Both of these tests are very effective in diagnosing diabetes. However, other tests could also be helpful although not always reliable.
- Fasting blood glucose test measures the blood glucose levels after at least 8 hours of abstaining from food and drink (usually in the morning).
- Random blood glucose test measures the glucose levels in the blood at any time in the day irrespective of prior fasting or eating.
When the results show abnormally high blood glucose levels although it may not be high enough to be classified as diabetes, then this is known as impaired glucose tolerance (IGT) or pre-diabetes. It is a reversible state that is the prelude to full-blown diabetes which may arise with months or just a few years. In other words, pre-diabetes is curable to some extent while diabetes mellitus is not.
The problem does not always lie with the medical tests that are available but rather with the awareness about regular screening. Despite the advice of doctors and health authorities, most people do not opt to go for these tests until the first symptoms or complications of diabetes arise. People who are at a high risk for developing diabetes should go for routine screening every second year, if not every year.
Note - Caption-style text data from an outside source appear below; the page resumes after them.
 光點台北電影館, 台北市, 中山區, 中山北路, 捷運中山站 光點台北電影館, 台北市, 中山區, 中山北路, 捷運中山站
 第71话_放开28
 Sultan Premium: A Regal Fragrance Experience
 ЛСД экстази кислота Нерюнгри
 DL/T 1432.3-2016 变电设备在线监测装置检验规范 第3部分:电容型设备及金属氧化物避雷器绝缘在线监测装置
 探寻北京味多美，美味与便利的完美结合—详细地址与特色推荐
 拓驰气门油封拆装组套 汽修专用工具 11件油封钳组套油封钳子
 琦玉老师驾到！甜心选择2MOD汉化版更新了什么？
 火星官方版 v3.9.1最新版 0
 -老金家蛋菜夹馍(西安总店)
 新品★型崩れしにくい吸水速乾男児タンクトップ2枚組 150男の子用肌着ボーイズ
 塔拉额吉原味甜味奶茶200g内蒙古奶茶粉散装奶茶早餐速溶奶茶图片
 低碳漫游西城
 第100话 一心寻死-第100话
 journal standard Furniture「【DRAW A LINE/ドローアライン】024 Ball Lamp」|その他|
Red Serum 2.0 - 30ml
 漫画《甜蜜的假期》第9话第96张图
Given the prevalence of diabetes these days, it is advisable that every adult consider routine diabetes screening.
Early Symptoms Of Diabetes
The problem with type 2 diabetes is that you may never know that you have it for months and even years. In the early stages, there are practically no symptoms. As the condition progresses or if the blood glucose levels become very high, symptoms may then start to appear. These symptoms are not always directly indicative of diabetes. Many other conditions may present with these symptoms so it can be misleading.
Fatigue, unexplained weight loss and extreme hunger are symptoms of diabetes. It may be present with no other hallmark diabetes symptoms like frequent urination and increased thirst. Slow wound healing and repeated infections anywhere in the body are also early signs of diabetes. Due to these vague symptoms sometimes being the only symptoms present at the outset, it is important to rely on routine diabetes screening for early diagnosis of diabetes.